## Work required
Once the line containing "Samuele Ricci of" is located, give it again exactly, together with each line that follows it to the end of the entries, and add nothing else.

## Dataset excerpts
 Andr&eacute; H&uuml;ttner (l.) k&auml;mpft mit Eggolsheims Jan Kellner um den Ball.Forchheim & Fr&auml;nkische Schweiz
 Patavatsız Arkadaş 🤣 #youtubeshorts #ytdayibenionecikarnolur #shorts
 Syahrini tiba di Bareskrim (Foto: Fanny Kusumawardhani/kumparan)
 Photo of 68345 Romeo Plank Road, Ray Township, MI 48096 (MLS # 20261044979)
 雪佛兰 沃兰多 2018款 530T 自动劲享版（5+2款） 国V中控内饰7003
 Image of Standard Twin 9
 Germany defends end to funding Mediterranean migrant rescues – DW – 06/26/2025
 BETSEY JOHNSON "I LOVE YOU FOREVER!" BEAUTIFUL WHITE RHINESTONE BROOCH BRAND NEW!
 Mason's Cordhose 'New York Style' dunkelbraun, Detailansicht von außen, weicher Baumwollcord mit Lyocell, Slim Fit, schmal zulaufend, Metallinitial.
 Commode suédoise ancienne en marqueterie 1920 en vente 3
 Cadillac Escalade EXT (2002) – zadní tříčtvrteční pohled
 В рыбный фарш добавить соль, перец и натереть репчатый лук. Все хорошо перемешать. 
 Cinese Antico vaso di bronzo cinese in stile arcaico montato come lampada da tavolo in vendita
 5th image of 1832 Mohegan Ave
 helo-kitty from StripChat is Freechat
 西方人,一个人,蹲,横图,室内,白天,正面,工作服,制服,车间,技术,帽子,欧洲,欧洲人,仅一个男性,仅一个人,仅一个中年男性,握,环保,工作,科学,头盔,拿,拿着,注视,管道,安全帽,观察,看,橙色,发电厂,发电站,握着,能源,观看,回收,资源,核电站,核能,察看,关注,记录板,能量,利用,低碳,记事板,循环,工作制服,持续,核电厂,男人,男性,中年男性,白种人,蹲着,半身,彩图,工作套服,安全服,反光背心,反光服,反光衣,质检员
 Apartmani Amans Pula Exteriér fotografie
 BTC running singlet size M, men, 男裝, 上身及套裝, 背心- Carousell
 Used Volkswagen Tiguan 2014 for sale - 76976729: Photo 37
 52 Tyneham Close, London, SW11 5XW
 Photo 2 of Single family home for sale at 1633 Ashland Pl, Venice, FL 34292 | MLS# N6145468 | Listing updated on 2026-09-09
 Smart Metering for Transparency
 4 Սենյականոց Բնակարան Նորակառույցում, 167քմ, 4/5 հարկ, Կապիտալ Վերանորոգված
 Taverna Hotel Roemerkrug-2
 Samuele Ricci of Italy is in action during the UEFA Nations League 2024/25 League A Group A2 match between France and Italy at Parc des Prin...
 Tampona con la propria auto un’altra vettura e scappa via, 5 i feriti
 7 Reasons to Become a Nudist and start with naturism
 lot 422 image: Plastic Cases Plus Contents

## Exercise answer
 Samuele Ricci of Italy is in action during the UEFA Nations League 2024/25 League A Group A2 match between France and Italy at Parc des Prin...
 Tampona con la propria auto un’altra vettura e scappa via, 5 i feriti
 7 Reasons to Become a Nudist and start with naturism
 lot 422 image: Plastic Cases Plus Contents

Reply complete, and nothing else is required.